◆ **What the task requires**
Begin with the line below holding "Tanacetum poteriifolium" and go on through the line holding "Preview wallpaper squirrel, glance, cute, animal, tree", duplicating each line exactly and leaving out pictures.

◆ **Data extract**
******
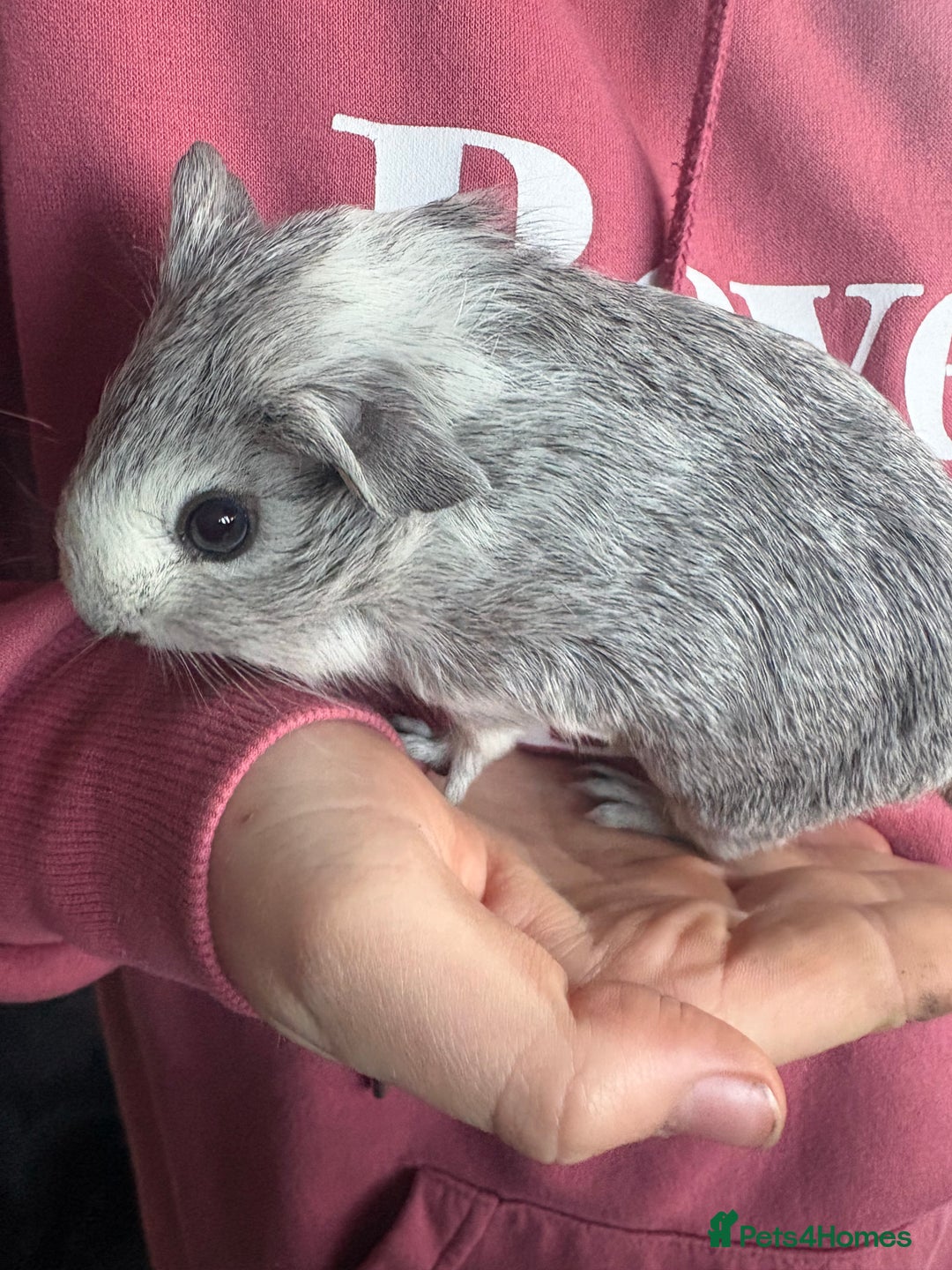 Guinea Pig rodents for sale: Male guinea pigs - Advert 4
******
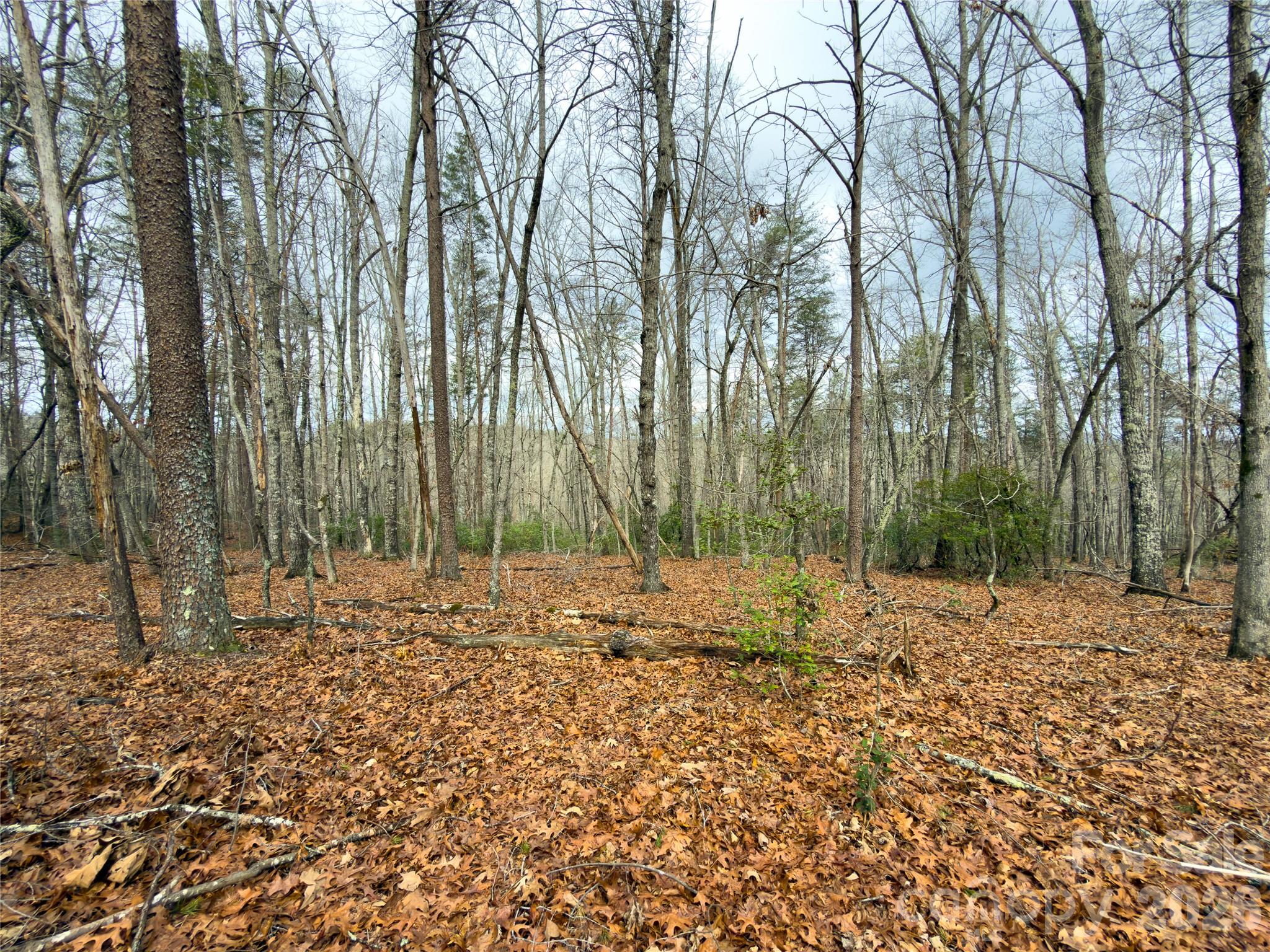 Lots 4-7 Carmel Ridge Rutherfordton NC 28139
******
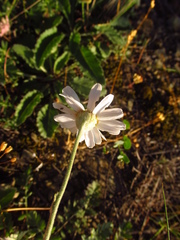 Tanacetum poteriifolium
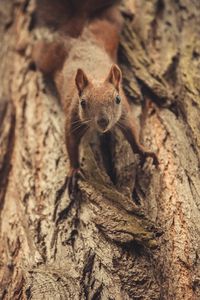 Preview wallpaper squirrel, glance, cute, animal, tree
******
◆ **Task answer**
 Tanacetum poteriifolium
 Preview wallpaper squirrel, glance, cute, animal, tree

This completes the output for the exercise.